Erinnern wir uns alle mal an die Geschichte der Menschheit. Die meisten von uns werden in der Schule über die Griechen, die Römer, das Mittelalter, Revolutionen, Monarchien und besondere Erfindungen gehört haben. Vielleicht gab es auch mal eine besondere Faszination für Wildwestgeschichten oder die Wikinger. Und ein paar hatten vielleicht ein Mädchen in der Klasse, dass sich immer mal wieder aufregte, nur über Männer und ihre Großartigkeit zu lernen. 
Die Geschichte der Menschheit wird hauptsächlich aus einer eurozentrischen, kolonialistischen Perspektive erzählt. Das wirkt sich bis heute auf unsere Weltanschauung aus, unser Bildungssystem und sogar auf die Algorithmen und KIs, die unsere Onlinepräsenz beeinflussen aus. So weit, so einseitig. Aber kommen nicht auch andere Menschen in der Geschichte vor. Haben nicht auch Frauen den Zeitstrang und die Zukunft verändert. Die eindeutige Antwort darauf ist JA! Es hat unglaublich viele mutige, intelligente und willensstarke Frauen in der Geschichte gegeben. Leider wurden ihnen oft genau diese Eigenschaften abgesprochen, denn sie seien zu unweiblich. Frauen hatten schwach und liebevolle sanfte Püppchen zu sein, die sich in einer Welt der Männer treiben lassen. 

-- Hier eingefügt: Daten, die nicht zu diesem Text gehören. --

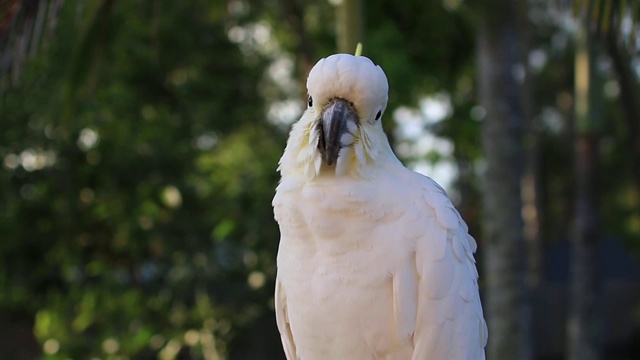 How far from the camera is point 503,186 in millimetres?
3572

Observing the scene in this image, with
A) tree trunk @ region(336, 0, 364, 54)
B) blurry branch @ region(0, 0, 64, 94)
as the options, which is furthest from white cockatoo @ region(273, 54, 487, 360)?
blurry branch @ region(0, 0, 64, 94)

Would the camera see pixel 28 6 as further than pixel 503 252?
No

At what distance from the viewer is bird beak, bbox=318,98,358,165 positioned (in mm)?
1599

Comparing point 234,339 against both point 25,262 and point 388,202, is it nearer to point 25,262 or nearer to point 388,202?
point 25,262

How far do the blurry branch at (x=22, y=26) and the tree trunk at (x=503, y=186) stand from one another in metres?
2.01

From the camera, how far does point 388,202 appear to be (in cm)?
170

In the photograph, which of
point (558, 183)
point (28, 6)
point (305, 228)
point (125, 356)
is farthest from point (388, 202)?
point (558, 183)

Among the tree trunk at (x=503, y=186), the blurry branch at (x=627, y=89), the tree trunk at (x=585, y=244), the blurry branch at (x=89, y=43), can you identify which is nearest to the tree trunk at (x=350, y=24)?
the blurry branch at (x=89, y=43)

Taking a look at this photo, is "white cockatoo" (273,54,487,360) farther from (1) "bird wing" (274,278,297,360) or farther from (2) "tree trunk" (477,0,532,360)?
(2) "tree trunk" (477,0,532,360)

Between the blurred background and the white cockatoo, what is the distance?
5.14 feet

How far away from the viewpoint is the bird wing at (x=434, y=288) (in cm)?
171

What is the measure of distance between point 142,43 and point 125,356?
76.4 inches

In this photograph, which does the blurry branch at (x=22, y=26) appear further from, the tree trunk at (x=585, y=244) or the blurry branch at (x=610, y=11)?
the tree trunk at (x=585, y=244)

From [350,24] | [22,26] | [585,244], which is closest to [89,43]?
[22,26] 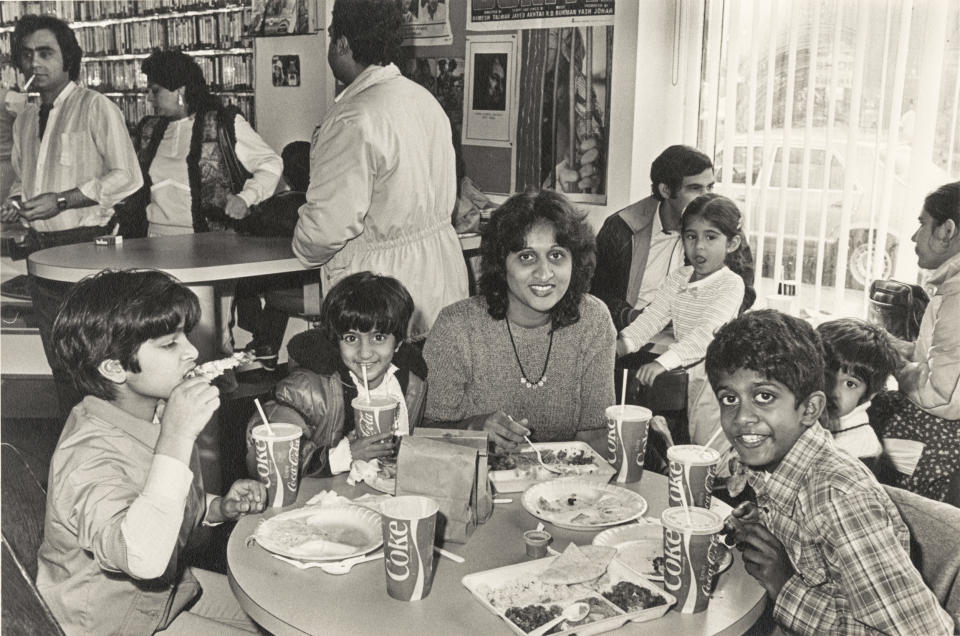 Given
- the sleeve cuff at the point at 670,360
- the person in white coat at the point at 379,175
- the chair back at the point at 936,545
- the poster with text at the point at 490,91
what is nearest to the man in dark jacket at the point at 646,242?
the sleeve cuff at the point at 670,360

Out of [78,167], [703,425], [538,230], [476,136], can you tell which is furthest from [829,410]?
[78,167]

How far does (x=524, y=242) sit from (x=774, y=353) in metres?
0.81

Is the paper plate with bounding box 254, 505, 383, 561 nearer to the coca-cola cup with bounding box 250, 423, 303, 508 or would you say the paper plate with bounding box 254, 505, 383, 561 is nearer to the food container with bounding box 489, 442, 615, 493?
the coca-cola cup with bounding box 250, 423, 303, 508

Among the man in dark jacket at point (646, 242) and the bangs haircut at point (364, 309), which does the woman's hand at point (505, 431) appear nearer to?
the bangs haircut at point (364, 309)

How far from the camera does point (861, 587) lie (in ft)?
4.31

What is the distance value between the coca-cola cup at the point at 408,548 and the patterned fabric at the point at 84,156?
3.25 meters

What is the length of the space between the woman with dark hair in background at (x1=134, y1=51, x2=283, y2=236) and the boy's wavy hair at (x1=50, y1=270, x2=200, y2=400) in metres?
2.50

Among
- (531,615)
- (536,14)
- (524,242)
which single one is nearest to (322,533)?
(531,615)

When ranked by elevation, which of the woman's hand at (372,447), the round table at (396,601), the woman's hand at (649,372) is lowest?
the woman's hand at (649,372)

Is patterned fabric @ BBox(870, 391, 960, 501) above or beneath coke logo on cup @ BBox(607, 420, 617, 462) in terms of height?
beneath

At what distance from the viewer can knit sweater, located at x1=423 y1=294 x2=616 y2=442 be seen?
2.20 metres

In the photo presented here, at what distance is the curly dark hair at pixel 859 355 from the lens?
2414mm

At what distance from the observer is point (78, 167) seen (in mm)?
4094

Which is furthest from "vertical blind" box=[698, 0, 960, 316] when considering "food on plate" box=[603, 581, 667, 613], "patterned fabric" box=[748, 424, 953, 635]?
"food on plate" box=[603, 581, 667, 613] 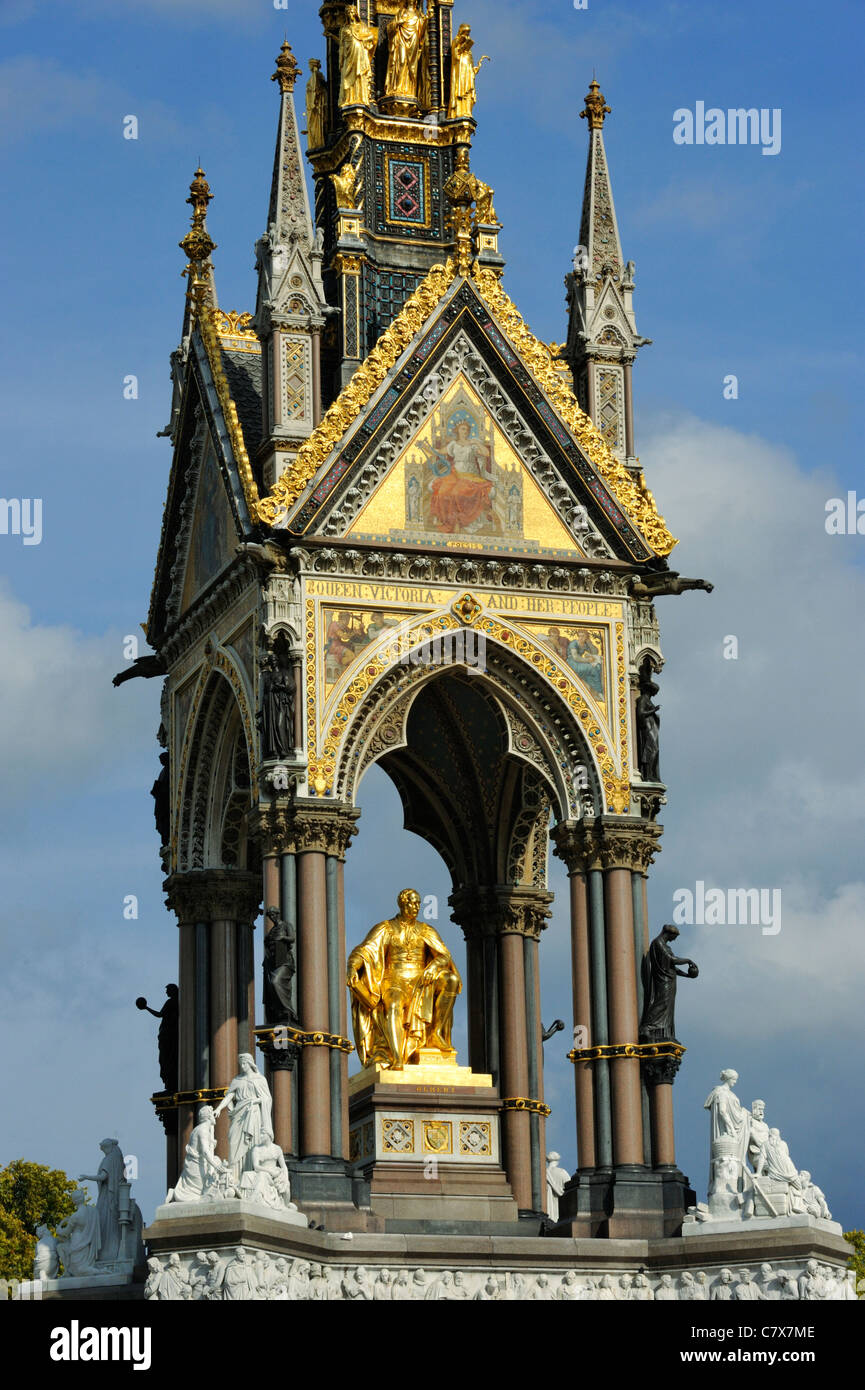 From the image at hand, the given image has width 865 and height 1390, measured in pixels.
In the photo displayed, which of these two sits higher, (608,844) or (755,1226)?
(608,844)

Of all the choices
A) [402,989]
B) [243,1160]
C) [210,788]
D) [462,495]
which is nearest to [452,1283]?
[243,1160]

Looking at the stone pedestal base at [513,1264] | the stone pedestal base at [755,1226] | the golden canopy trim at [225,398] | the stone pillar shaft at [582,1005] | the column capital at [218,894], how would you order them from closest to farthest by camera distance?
the stone pedestal base at [513,1264]
the stone pedestal base at [755,1226]
the stone pillar shaft at [582,1005]
the golden canopy trim at [225,398]
the column capital at [218,894]

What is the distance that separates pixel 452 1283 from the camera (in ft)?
127

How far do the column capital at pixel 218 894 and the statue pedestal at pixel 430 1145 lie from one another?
3.33 meters

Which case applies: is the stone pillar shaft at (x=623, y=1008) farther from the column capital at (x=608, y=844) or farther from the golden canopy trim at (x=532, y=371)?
the golden canopy trim at (x=532, y=371)

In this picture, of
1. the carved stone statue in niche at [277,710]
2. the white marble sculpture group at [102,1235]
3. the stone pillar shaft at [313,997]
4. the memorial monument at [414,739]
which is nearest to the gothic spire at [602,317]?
the memorial monument at [414,739]

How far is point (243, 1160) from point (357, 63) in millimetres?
15030

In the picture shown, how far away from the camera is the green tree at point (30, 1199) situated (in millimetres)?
62250

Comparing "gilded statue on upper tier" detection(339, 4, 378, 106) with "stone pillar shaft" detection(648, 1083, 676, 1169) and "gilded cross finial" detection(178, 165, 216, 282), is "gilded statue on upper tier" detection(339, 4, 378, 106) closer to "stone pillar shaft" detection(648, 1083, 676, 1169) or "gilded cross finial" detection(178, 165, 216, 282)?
"gilded cross finial" detection(178, 165, 216, 282)

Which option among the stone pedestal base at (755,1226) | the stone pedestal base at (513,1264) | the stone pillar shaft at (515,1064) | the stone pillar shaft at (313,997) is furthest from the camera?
the stone pillar shaft at (515,1064)

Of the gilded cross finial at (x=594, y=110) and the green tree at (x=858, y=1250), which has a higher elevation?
the gilded cross finial at (x=594, y=110)

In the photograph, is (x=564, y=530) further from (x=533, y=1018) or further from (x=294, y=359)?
(x=533, y=1018)

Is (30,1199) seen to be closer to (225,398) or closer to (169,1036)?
(169,1036)

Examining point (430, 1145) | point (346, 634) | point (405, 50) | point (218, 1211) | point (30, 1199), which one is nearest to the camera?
point (218, 1211) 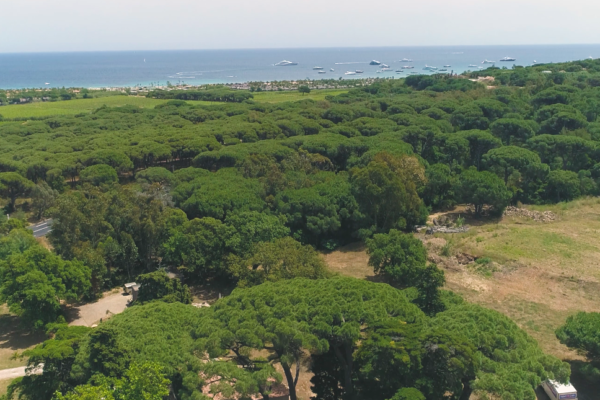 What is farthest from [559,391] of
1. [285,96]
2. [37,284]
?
[285,96]

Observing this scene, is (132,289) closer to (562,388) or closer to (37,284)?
(37,284)

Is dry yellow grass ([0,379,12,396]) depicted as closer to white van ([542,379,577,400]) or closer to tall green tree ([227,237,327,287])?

Warum hat Rosalind Franklin eigentlich keinen Nobelpreis bekommen? 

In ihrem Buch „Beklaute Frauen“ schreibt die Historikerin Leonie Schöler, die Geschichte von vielen Frauen, die unsere Geschichte stark beeinflusst haben. Was alle diese Frauen eint? Sie wurden um ihrer Gedanken, Erfindungen, Forschungsergebnisse, Kreativität und anderer Verdienste betrogen. Auf etwa 300 Seiten rechnet sie ab, mit allen jenen, die die gesellschaftliche Unterlegenheit der Frauen zu ihren Gunsten ausgenutzt haben. Da stehen Männer wie Einstein, Picasso oder Brecht auf einmal in einem ganz anderen Licht da. Dass Frauen wie Rosalind Franklin, Lise Meitner, Eleanor Marx, Elisabeth Hauptmann und viele mehr den großen Herren ihrer Zeit ebenbürtig waren, zumindest auf geistiger Ebene, wurde bewusst und unbewusst abgewertet. In dem Buch wird die zentraleuropäische Geschichte anhand von Biografien und Ereignissen erhält, wobei, wie die Autorin selbst sagt, Geschichte keine Linearität hat. In Themenkapitel zusammengepackt, scheinen die Namen großer Frauen auf. Zwischen drinnen gibt es immer wieder geschichtliche Einordnungen und persönliche Anekdoten aus dem Leben der Autorin. 

Frauen und Krieg

„Wo sind die Feministen, wenn Krieg ist? Ich habe noch keine Feministin an der Front gesehen.“ Mit diesen Aussagen versuchen sogenannte Manfluencer den Anspruch auf Gleichberechtigung zu untergraben. Nach der Lektüre von Schölers Buch, kann man auf diese Frage eine ganze Liste an Namen nennen, von Frauen, die sich mutig an die vorderste Front stellen. Allem Gegenwind zum trotz ihr Land, ihre Werte und ihre Rechte mit der Waffe verteidigen. Frauen zogen nicht nur in den Krieg, wurden missbraucht und starben für andere, sie bekamen dafür nicht einmal die gleiche Anerkennung, wie ihre männlichen Kameraden, bei einer erfolgreichen heimkehr. Die wenigsten Soldatinnen gingen als Heldinnen in die Geschichte ein. Die meisten galten als entmenschlicht und abstoßend für die Gesellschaft. 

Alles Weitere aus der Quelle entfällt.